Oral glucocorticoids pose increased hazard of cardiometabolic diseases in kids
Children taking high-dose oral glucocorticoids are at high risk of developing venous thromboembolism (VTE), diabetes, and hypertension, although the absolute risks are small, a study has found.
Researchers looked at a retrospective cohort involving 932,517 children diagnosed with autoimmune diseases (inflammatory bowel disease, juvenile idiopathic arthritis, or psoriasis) or a nonimmune comparator condition (attention-deficit/hyperactivity disorder). Of the children, 198,855 (21.3 percent) were glucocorticoid-exposed. Follow-up time was 1.6 million person-years.
Compared with unexposed kids, those who were glucocorticoid-exposed tended to be younger and have longer follow-up time, higher rates of prior oral glucocorticoid and nonsteroidal anti-inflammatory (NSAID) exposure, lower stimulant use, and higher levels of healthcare usage.
Crude incidence rates were lowest for VTE (unexposed vs exposed: 0.5 vs 15.6 per million person-days) and highest for hypertension (unexposed vs exposed: 6.7 vs 74.4 per million person-days). On the other hand, absolute rates for all outcomes were higher in unexposed and exposed children with autoimmune diseases than in those with attention-deficit/hyperactivity disorder.

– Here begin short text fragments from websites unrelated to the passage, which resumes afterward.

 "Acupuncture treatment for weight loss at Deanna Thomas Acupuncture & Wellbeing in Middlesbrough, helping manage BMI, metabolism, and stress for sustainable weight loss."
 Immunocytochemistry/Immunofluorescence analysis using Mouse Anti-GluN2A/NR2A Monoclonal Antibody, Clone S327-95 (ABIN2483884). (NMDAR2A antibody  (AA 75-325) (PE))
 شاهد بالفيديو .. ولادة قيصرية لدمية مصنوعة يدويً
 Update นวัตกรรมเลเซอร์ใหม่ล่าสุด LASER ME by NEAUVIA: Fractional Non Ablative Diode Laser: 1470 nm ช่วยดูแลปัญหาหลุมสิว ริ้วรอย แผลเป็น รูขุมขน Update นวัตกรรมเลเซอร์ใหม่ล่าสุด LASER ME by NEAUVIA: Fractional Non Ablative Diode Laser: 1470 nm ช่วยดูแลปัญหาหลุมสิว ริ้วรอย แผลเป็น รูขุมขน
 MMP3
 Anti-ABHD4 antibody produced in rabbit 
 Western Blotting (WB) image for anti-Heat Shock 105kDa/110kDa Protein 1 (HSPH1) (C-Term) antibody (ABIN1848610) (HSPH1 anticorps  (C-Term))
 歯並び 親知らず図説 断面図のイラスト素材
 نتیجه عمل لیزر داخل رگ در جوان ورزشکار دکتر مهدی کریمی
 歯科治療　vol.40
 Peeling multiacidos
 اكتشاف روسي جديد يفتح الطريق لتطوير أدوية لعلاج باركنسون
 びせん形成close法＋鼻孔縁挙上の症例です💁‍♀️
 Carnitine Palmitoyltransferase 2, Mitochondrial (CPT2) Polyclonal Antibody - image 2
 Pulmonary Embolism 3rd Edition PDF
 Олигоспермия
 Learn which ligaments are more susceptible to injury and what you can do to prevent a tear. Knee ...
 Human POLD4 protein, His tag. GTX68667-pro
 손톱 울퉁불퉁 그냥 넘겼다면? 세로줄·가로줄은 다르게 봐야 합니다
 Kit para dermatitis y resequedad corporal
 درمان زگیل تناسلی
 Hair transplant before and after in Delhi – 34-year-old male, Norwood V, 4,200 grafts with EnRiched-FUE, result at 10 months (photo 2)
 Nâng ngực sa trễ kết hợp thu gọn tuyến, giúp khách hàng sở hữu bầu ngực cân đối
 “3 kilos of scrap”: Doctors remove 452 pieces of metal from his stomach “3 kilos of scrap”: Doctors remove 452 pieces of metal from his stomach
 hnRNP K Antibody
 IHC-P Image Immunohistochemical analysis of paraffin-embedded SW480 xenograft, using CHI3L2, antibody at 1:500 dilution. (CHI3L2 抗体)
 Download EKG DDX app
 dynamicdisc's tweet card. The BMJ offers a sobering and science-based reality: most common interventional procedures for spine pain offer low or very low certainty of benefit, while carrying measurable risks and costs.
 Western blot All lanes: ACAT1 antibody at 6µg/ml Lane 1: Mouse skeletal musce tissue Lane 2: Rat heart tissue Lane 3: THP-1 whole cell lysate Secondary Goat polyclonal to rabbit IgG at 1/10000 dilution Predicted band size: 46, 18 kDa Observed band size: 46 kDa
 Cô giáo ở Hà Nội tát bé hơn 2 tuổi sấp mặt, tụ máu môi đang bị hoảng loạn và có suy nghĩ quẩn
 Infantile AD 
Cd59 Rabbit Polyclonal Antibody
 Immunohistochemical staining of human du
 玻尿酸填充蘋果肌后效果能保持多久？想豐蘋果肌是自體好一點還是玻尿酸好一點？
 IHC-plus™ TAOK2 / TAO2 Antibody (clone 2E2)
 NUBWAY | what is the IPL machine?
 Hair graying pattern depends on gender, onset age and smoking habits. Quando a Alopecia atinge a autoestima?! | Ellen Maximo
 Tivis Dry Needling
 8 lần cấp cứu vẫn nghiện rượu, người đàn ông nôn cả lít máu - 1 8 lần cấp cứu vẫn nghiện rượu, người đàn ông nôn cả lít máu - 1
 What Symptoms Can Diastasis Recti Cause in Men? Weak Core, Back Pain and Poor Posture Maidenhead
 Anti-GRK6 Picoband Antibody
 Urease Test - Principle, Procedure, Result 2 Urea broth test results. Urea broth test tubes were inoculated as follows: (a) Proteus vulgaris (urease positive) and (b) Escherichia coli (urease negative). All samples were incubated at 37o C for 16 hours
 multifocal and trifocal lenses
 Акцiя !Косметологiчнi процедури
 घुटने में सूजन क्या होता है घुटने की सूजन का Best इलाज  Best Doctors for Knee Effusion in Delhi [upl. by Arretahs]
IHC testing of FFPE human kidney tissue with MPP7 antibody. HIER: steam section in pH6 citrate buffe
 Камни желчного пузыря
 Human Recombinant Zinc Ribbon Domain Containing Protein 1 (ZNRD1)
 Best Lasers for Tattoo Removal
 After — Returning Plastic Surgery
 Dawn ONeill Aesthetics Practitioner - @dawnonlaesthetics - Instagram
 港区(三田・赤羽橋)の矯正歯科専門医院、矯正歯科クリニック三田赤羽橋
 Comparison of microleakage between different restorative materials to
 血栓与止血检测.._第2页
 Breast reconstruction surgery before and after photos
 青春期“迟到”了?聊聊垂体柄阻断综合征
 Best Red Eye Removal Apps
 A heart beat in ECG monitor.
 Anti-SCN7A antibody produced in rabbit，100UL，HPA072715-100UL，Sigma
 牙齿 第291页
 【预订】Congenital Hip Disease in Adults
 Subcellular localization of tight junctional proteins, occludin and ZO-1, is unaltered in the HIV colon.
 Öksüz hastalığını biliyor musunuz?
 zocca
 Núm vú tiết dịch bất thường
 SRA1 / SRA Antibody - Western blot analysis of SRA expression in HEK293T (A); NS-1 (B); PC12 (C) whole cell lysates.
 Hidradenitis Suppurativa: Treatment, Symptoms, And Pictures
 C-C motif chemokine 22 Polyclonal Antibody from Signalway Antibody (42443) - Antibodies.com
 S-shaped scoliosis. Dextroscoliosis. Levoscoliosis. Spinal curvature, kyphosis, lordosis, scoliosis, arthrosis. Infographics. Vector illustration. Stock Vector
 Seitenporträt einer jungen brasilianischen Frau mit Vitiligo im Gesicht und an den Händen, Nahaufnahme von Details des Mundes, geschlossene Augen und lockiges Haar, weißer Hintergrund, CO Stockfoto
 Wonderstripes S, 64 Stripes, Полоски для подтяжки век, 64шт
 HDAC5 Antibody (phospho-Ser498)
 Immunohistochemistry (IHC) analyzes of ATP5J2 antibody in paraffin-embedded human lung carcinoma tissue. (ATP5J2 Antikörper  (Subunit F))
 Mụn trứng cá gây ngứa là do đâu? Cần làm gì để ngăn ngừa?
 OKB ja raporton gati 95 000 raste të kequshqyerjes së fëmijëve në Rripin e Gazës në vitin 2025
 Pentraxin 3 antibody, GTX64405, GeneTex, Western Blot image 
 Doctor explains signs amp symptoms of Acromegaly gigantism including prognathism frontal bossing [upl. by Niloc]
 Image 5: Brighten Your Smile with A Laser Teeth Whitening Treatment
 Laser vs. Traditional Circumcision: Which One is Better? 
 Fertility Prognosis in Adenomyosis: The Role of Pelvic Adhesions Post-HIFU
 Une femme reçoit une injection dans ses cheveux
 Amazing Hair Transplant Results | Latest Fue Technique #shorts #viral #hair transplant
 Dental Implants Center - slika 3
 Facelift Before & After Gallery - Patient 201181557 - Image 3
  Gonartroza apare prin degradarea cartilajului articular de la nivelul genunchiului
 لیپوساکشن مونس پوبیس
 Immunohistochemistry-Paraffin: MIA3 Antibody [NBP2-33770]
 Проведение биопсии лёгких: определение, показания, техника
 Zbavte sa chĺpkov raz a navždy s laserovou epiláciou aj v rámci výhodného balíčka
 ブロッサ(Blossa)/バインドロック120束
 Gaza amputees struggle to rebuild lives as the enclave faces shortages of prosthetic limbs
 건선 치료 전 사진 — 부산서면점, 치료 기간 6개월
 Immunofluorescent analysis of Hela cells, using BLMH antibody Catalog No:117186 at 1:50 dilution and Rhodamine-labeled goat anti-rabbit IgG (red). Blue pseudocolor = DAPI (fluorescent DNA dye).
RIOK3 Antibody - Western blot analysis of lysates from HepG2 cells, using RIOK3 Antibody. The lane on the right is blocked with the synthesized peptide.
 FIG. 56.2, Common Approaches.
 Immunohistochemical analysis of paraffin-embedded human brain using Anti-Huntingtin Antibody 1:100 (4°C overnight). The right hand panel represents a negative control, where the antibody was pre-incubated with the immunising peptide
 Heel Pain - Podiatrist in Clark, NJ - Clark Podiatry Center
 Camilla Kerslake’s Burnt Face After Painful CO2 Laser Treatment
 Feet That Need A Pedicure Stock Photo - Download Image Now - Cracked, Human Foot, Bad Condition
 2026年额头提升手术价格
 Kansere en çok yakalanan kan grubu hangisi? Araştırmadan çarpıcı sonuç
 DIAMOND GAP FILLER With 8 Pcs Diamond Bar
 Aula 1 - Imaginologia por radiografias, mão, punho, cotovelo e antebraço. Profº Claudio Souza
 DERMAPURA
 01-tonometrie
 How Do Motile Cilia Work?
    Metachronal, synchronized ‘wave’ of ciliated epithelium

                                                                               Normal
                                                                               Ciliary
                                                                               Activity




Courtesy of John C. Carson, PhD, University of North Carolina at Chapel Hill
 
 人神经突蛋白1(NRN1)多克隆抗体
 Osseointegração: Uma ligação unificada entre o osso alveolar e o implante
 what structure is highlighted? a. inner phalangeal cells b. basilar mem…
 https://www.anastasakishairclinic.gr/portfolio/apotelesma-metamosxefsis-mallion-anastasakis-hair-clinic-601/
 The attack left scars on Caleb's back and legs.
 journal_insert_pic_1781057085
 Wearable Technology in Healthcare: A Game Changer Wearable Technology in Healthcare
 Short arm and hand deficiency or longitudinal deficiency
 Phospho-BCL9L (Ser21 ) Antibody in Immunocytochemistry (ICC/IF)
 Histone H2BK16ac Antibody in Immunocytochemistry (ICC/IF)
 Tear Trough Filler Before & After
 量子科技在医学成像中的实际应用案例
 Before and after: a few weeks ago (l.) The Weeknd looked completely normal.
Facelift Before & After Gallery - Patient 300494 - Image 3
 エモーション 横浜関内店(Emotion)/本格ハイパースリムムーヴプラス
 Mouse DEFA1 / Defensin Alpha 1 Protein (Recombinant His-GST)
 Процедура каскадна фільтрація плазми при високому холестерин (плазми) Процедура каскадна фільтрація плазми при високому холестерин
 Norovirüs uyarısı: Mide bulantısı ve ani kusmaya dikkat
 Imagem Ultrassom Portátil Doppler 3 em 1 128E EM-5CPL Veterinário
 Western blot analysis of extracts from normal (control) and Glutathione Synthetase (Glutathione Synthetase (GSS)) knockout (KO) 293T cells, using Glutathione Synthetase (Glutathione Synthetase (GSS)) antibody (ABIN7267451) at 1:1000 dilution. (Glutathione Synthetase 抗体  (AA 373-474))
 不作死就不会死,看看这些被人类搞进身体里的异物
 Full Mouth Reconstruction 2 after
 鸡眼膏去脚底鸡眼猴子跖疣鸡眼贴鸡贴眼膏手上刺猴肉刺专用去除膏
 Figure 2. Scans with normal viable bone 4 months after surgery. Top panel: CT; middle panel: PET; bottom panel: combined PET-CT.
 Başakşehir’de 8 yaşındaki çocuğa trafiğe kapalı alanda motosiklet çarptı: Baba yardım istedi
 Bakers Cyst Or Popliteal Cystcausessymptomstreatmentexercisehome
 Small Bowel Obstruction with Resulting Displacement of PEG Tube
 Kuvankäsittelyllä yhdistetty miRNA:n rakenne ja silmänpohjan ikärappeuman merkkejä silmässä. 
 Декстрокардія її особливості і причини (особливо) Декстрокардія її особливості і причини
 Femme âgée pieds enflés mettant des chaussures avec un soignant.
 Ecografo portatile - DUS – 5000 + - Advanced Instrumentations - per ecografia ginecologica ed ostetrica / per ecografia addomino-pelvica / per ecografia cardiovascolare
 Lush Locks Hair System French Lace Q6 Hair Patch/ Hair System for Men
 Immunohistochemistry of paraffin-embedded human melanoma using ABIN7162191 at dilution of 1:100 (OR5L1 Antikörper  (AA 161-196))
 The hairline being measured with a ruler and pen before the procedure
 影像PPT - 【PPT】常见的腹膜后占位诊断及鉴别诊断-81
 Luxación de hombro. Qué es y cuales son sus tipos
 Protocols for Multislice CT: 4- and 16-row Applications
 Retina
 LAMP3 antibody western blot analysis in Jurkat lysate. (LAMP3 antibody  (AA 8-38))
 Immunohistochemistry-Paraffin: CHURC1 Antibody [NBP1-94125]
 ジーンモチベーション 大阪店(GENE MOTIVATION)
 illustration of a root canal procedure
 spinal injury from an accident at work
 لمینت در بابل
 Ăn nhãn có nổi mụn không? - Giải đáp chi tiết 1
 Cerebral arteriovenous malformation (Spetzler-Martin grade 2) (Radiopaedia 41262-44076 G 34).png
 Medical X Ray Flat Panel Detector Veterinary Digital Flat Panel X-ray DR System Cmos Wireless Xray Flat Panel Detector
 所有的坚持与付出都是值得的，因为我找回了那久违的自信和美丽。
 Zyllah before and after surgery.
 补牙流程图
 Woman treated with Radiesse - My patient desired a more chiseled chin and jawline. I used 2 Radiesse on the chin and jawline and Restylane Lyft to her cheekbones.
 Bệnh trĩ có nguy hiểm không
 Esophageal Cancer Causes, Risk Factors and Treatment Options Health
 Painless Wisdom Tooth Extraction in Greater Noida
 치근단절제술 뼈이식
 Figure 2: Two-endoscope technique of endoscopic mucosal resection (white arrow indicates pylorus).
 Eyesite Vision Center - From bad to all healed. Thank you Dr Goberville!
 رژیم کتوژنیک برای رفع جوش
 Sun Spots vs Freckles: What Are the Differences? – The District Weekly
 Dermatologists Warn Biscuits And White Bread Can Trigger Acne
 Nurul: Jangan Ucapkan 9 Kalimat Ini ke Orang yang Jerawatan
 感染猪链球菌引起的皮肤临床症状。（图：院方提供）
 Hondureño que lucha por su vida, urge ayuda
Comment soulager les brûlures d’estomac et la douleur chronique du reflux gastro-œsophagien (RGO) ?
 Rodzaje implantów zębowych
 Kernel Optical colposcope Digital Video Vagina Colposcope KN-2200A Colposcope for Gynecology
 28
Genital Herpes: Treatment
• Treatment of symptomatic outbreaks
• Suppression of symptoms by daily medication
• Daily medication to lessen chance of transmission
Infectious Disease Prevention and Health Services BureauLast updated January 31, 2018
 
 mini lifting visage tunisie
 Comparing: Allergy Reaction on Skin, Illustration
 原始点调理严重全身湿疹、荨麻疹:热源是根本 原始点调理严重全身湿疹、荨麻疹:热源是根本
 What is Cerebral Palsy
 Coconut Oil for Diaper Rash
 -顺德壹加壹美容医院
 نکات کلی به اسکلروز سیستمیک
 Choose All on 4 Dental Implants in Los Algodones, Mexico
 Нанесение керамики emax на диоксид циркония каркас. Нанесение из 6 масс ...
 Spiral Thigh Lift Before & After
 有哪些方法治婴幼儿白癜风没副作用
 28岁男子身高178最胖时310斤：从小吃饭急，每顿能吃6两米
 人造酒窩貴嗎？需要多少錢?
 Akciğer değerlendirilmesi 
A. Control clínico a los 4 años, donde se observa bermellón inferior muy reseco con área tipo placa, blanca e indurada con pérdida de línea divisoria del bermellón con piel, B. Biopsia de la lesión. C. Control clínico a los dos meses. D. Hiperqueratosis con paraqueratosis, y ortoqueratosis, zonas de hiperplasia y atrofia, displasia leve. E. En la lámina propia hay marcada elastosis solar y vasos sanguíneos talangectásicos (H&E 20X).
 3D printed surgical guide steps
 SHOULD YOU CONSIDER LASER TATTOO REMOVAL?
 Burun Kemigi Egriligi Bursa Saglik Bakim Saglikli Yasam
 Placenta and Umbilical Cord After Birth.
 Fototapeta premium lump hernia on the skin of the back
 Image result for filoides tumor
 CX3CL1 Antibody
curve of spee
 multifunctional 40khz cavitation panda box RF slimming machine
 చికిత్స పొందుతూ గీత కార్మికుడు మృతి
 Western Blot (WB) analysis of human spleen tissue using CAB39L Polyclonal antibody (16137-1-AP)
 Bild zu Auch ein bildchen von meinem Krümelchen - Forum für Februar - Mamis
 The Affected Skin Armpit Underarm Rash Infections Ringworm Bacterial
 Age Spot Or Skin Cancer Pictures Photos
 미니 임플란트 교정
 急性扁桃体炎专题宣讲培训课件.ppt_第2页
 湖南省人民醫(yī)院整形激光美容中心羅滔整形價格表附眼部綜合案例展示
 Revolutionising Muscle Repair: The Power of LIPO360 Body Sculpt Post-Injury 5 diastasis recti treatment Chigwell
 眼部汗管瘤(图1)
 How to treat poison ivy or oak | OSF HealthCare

In multivariable Cox regression models, current glucocorticoid exposure showed strong dose-dependent associations with all outcomes: diabetes (high-dose: adjusted hazard ratio [aHR], 5.93, 95 percent confidence intervals [CI], 3.94–8.91), hypertension (aHR, 19.13, 95 percent CI, 15.43–23.73), and VTE (aHR, 16.16, 95 percent CI, 8.94–29.22).
The findings indicate that while there is a safety signal detected, all reported treatment complications are uncommon in children, according to the researchers.